Directions: Output the full listing below exactly, without the pictures.

The data:
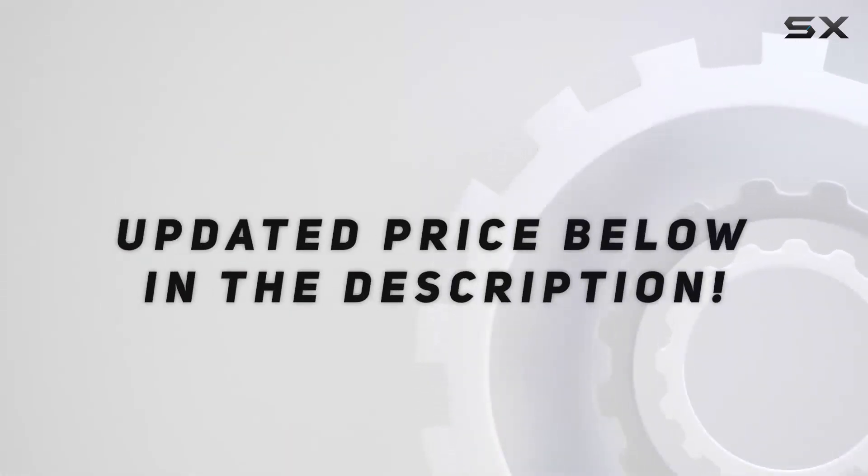Check out the video description for the updated price, and thank you for watching this video.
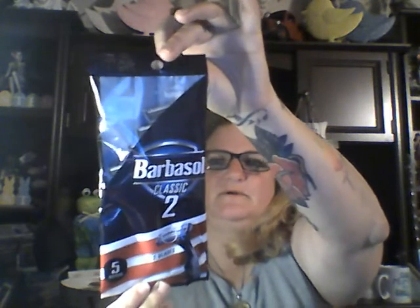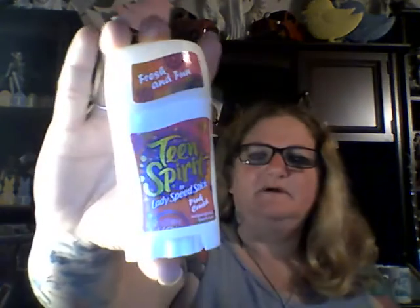I found a pack of five razors with two blades, and I found it in Barbasol Classic. Y'all, if some of you are old enough, you know Barbasol used to be a hot name brand item on the shelf. I also picked up a 1.4-ounce Teen Spirit by Lady Speed Stick in Pink Crush. It took me way back in time — I just had to pick it up for the nostalgia.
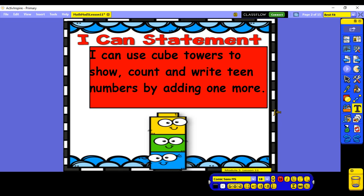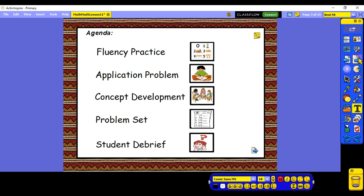Hi Cardinals! Today we're going to continue working with our teen numbers up to 20. Our learning target says: I can use cube towers to show, count, and write teen numbers by adding one more. We've worked with adding one more when working with numbers up to 10, and now we're going to do the same thing all the way up to 20. Before we start, we'll do some fluency practice, then look at an application problem, and then get into adding one more to make teen numbers up to 20.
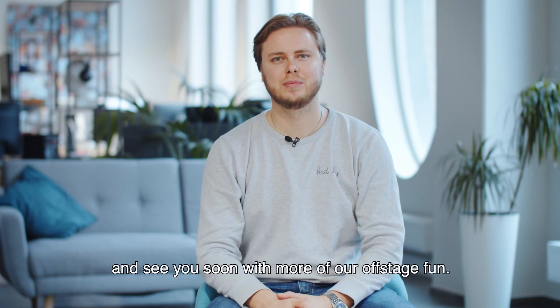Thanks for watching and see you soon with more of our offstage fun. Thank you, everyone!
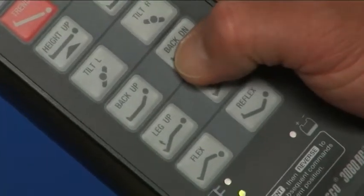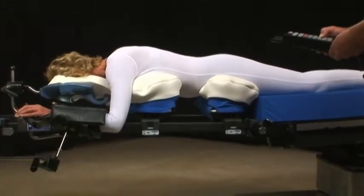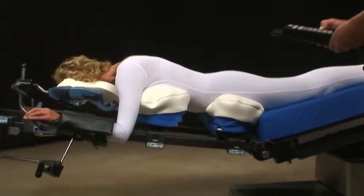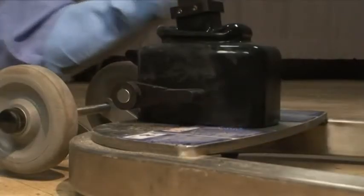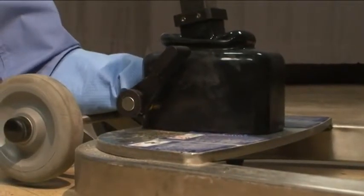Bringing the patient into lordosis or extreme lordosis will close the disc space. This position may be useful for fusions. If you do choose to lock the brake at the base of the frame, remember to unlock it when using intraoperative flex.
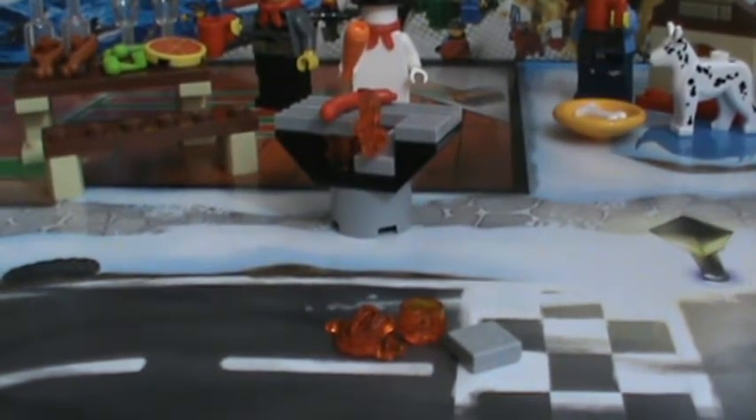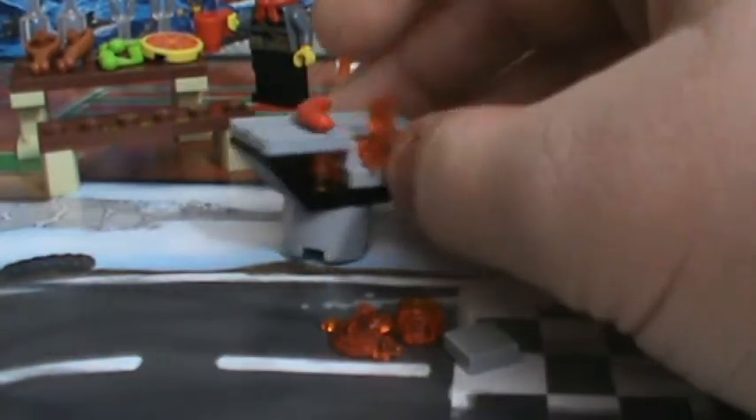Hey everybody, BrickLover18 here today with day 11 of the LEGO City Advent Calendar 2013. Today we got a barbecue grill to grill hot dogs that the firewoman here is going to cook.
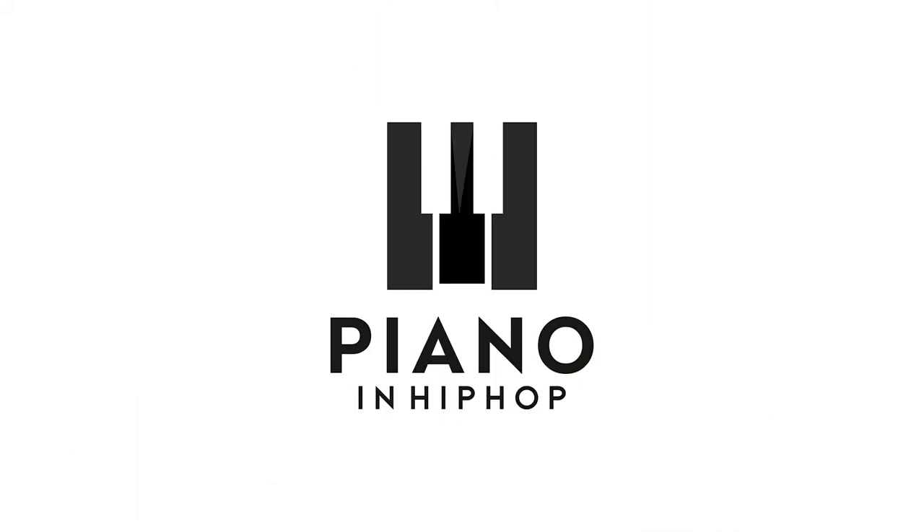Demetri's here with the piano tutorial for the song 'Ungodly Hour' by Chloe and Halle. My camera angle is different because I forgot my tripod, so we're rocking with this little box. I actually kind of like this angle — got the little lights in the back, all blurry and cool.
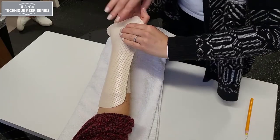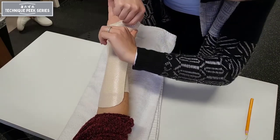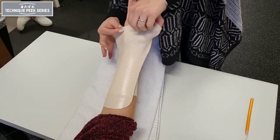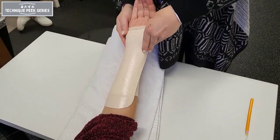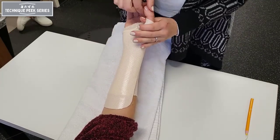First, mold the part around the thumb, closing the crease and pressing securely. Then roll down the edge of the material to clear the distal palmar crease. Use this time to smooth the material along the length of the forearm.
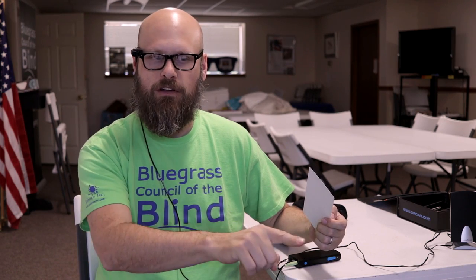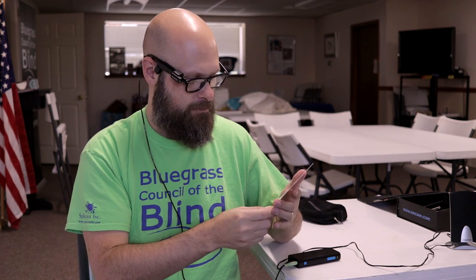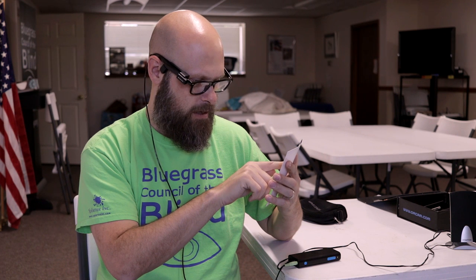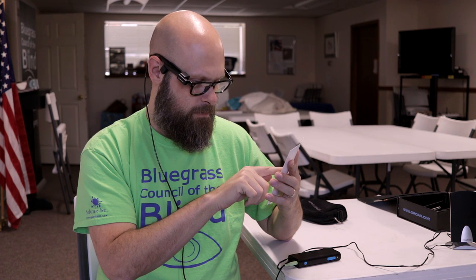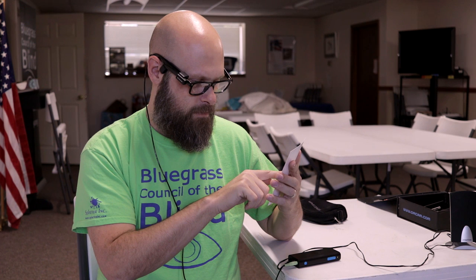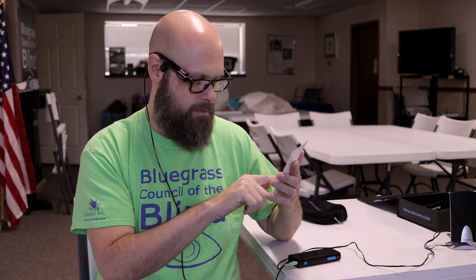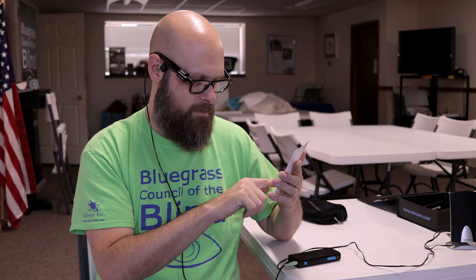Another cool feature of the OrCam is that it will track your finger position, so whatever you point at it will read. If you're looking at a list, for example, and you just want to know one thing on the list, you can point at it — or a menu — and as you pull your finger down the list, it'll read each line. [Demo reads: '2-Euro, 1,450 and Broadway, Lexington, Kentucky 40505, inside the CV building, across the street from Legends Baseball Field.']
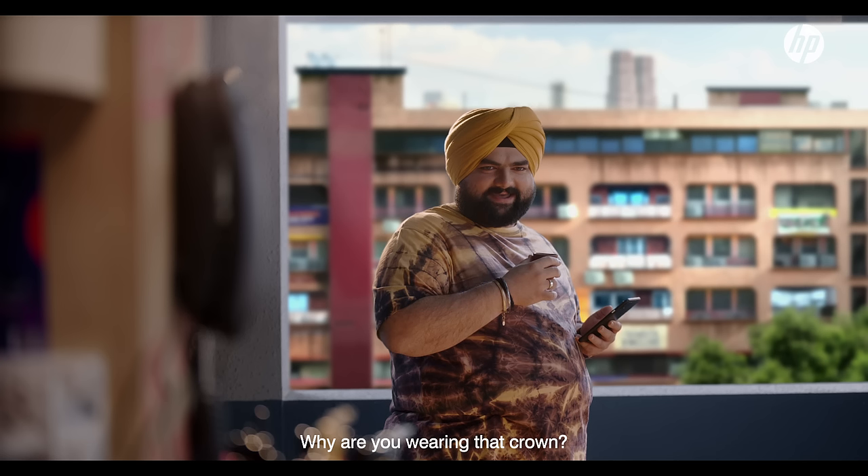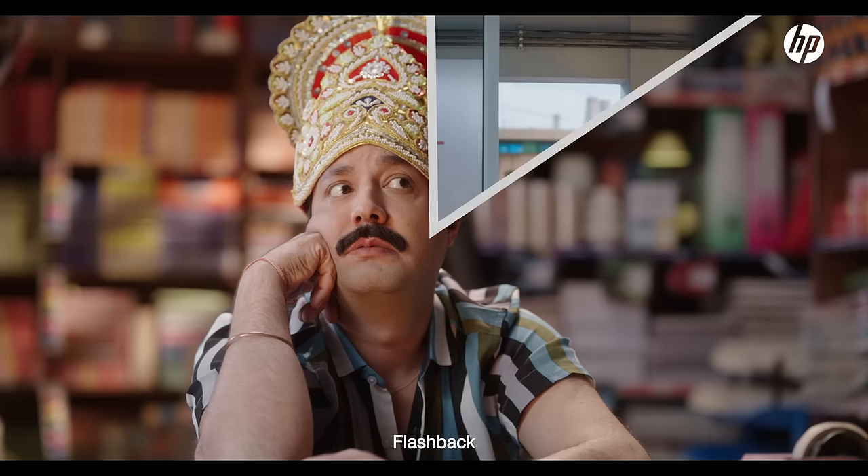Hey, do you want to wear it? Because of Shukhi's new HP printer. Flashback.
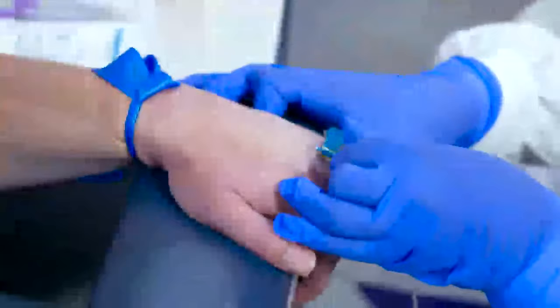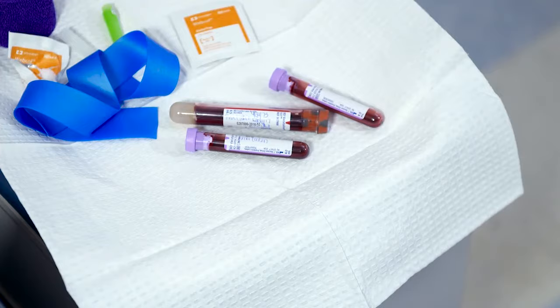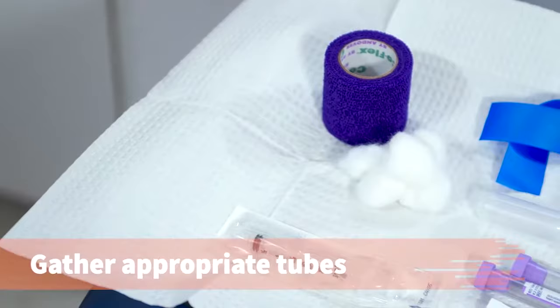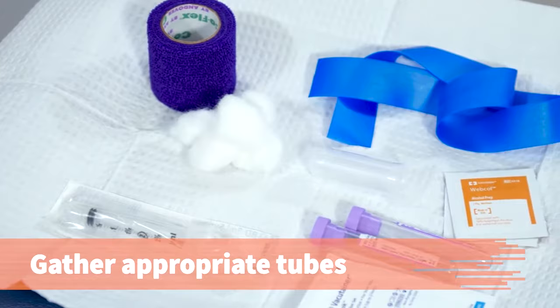In this procedure, you will learn how to obtain a venous sample from a hand using a butterfly needle with the vacuum tube method, or from an arm using a syringe method. Read the provider's order and clarify any questions with the provider. Gather the appropriate tubes, as specified on the requisition form, and all other required supplies.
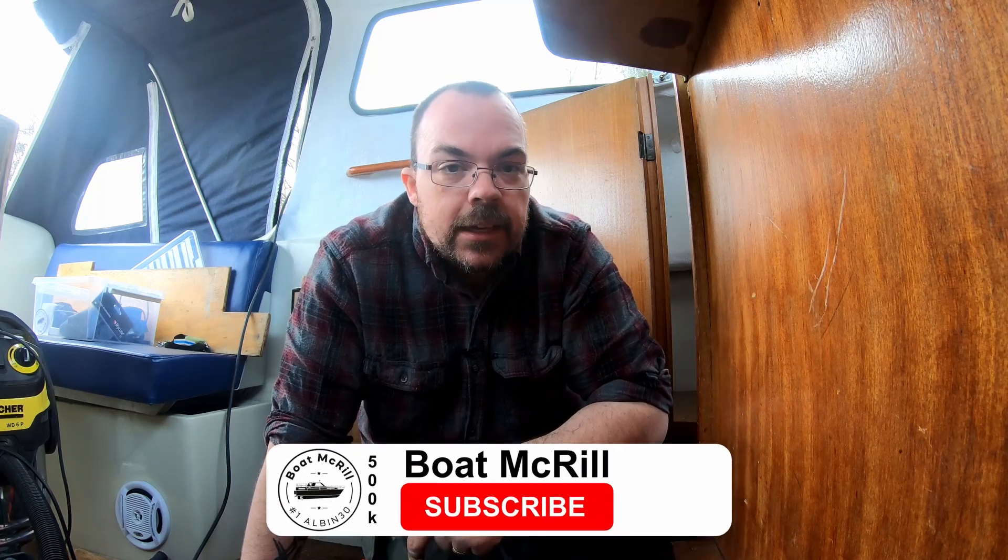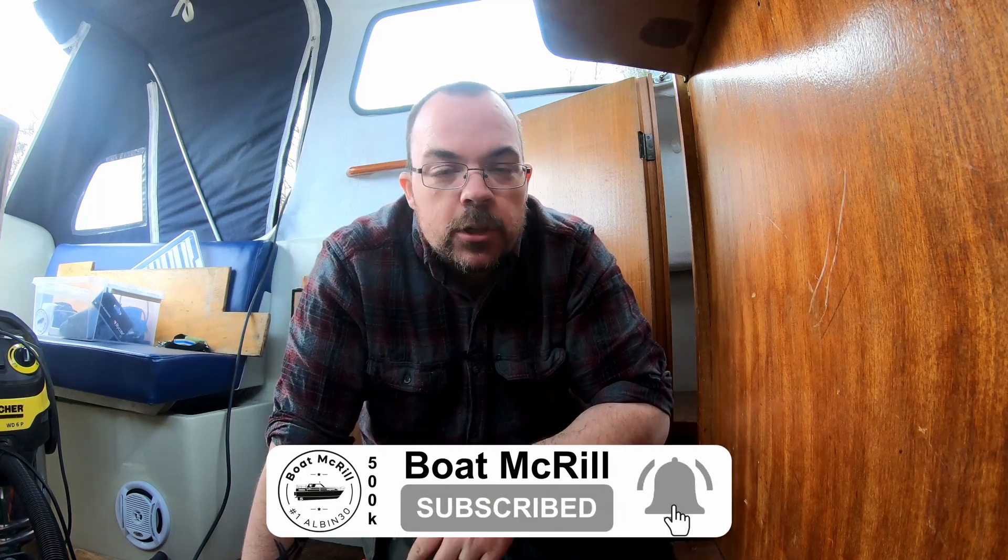If you liked my video, please give me a thumbs up, hit the subscription button down here on the right and the notification bell so you don't miss any of my videos. Take care out there and see you next time. Bye!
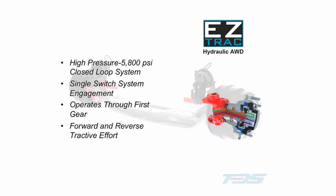Design simplicity continues to operator engagement with the use of a single dash-mounted switch to activate the high-pressure closed loop hydraulic power of EasyTrack. To learn more about how EasyTrack operates and the benefits of its design, please review Chapter 2 of this informational DVD.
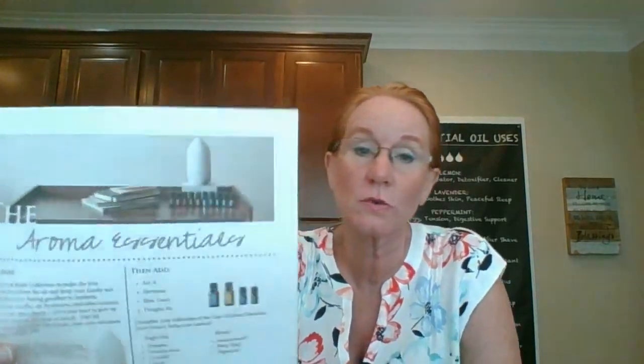Diane, the Aroma Essentials Collection is available in the U.S. market right now. You get the Lelouse diffuser. Let me tell you what's in the Aroma Essentials Collection: Adaptive, Cheer, Northern Escape, On Guard, Serenity, Balance, Breathe, Citrus Bloom, Peppermint, and Wild Orange. If you order the Aroma Essentials Collection — all our starter kits are extra discounted — you're going to get Balance, Breathe, Citrus Bloom, Peppermint, and Wild Orange all free in that kit. That's five of the ten oils at no charge.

Solved exercise:
Check out the video description for the updated price, and thank you for watching this video.
I found a pack of five razors with two blades, and I found it in Barbasol Classic. Y'all, if some of you are old enough, you know Barbasol used to be a hot name brand item on the shelf. I also picked up a 1.4-ounce Teen Spirit by Lady Speed Stick in Pink Crush. It took me way back in time — I just had to pick it up for the nostalgia.
Hi Cardinals! Today we're going to continue working with our teen numbers up to 20. Our learning target says: I can use cube towers to show, count, and write teen numbers by adding one more. We've worked with adding one more when working with numbers up to 10, and now we're going to do the same thing all the way up to 20. Before we start, we'll do some fluency practice, then look at an application problem, and then get into adding one more to make teen numbers up to 20.
Thanks for watching and see you soon with more of our offstage fun. Thank you, everyone!
Bringing the patient into lordosis or extreme lordosis will close the disc space. This position may be useful for fusions. If you do choose to lock the brake at the base of the frame, remember to unlock it when using intraoperative flex.
Hey everybody, BrickLover18 here today with day 11 of the LEGO City Advent Calendar 2013. Today we got a barbecue grill to grill hot dogs that the firewoman here is going to cook.
Demetri's here with the piano tutorial for the song 'Ungodly Hour' by Chloe and Halle. My camera angle is different because I forgot my tripod, so we're rocking with this little box. I actually kind of like this angle — got the little lights in the back, all blurry and cool.
First, mold the part around the thumb, closing the crease and pressing securely. Then roll down the edge of the material to clear the distal palmar crease. Use this time to smooth the material along the length of the forearm.
Another cool feature of the OrCam is that it will track your finger position, so whatever you point at it will read. If you're looking at a list, for example, and you just want to know one thing on the list, you can point at it — or a menu — and as you pull your finger down the list, it'll read each line. [Demo reads: '2-Euro, 1,450 and Broadway, Lexington, Kentucky 40505, inside the CV building, across the street from Legends Baseball Field.']
Hey, do you want to wear it? Because of Shukhi's new HP printer. Flashback.
In this procedure, you will learn how to obtain a venous sample from a hand using a butterfly needle with the vacuum tube method, or from an arm using a syringe method. Read the provider's order and clarify any questions with the provider. Gather the appropriate tubes, as specified on the requisition form, and all other required supplies.
If you liked my video, please give me a thumbs up, hit the subscription button down here on the right and the notification bell so you don't miss any of my videos. Take care out there and see you next time. Bye!
Design simplicity continues to operator engagement with the use of a single dash-mounted switch to activate the high-pressure closed loop hydraulic power of EasyTrack. To learn more about how EasyTrack operates and the benefits of its design, please review Chapter 2 of this informational DVD.
Diane, the Aroma Essentials Collection is available in the U.S. market right now. You get the Lelouse diffuser. Let me tell you what's in the Aroma Essentials Collection: Adaptive, Cheer, Northern Escape, On Guard, Serenity, Balance, Breathe, Citrus Bloom, Peppermint, and Wild Orange. If you order the Aroma Essentials Collection — all our starter kits are extra discounted — you're going to get Balance, Breathe, Citrus Bloom, Peppermint, and Wild Orange all free in that kit. That's five of the ten oils at no charge.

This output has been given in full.